Question

Prove the following statements. These exercises are cumulative, covering all techniques addressed in Chapters \(4-7\). Suppose \(a \in \mathbb{Z}\). Prove that \(14 \mid a\) if and only if \(7 \mid a\) and \(2 \mid a\).

Short answer

Based on two directions proved, we can conclude that for any integer \(a\), \(14\) divides \(a\) if and only if \(7\) divides \(a\) and \(2\) divides \(a\).

Step-by-step solution

Proving the forward direction

Suppose \(14 \mid a\). Then, by the definition of divisibility, \(a = 14k\) for some integer \(k\). Expressing \(14\) as \(7 * 2\), we obtain \(a = 7 * 2 * k\), which implies \(a\) can be written as an integer multiple of both \(7\) and \(2\). Therefore, \(7 \mid a\) and \(2 \mid a\). This proves the forward direction.

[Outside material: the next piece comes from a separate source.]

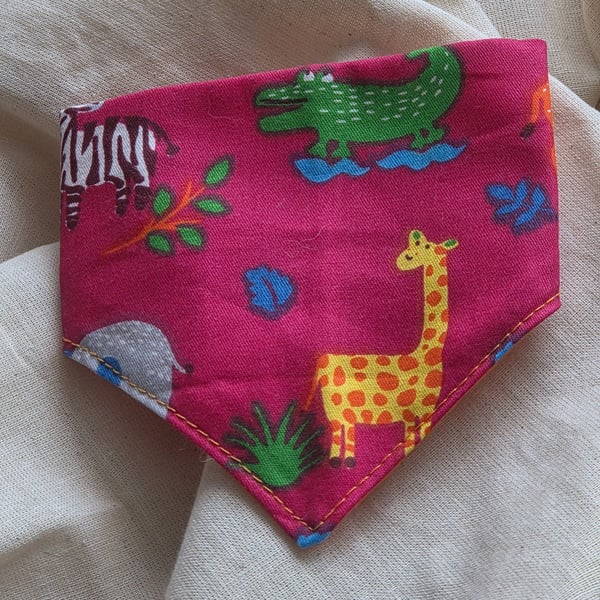  Elasticated slip-on Dog Bandana - Size XS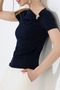 Women's Sandy Buckle Draped Blouse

Proving the backward direction

Now, suppose \(7 \mid a\) and \(2 \mid a\). This implies \(a = 7n\) and \(a = 2m\) for some integers \(n\) and \(m\). Since \(7\) and \(2\) are prime numbers and hence have no common divisors other than \(1\), \(a = 2 * 7 * r = 14r\) for some integer \(r\). Therefore, if \(7 \mid a\) and \(2 \mid a\), then \(14 \mid a\). This proves the backward direction.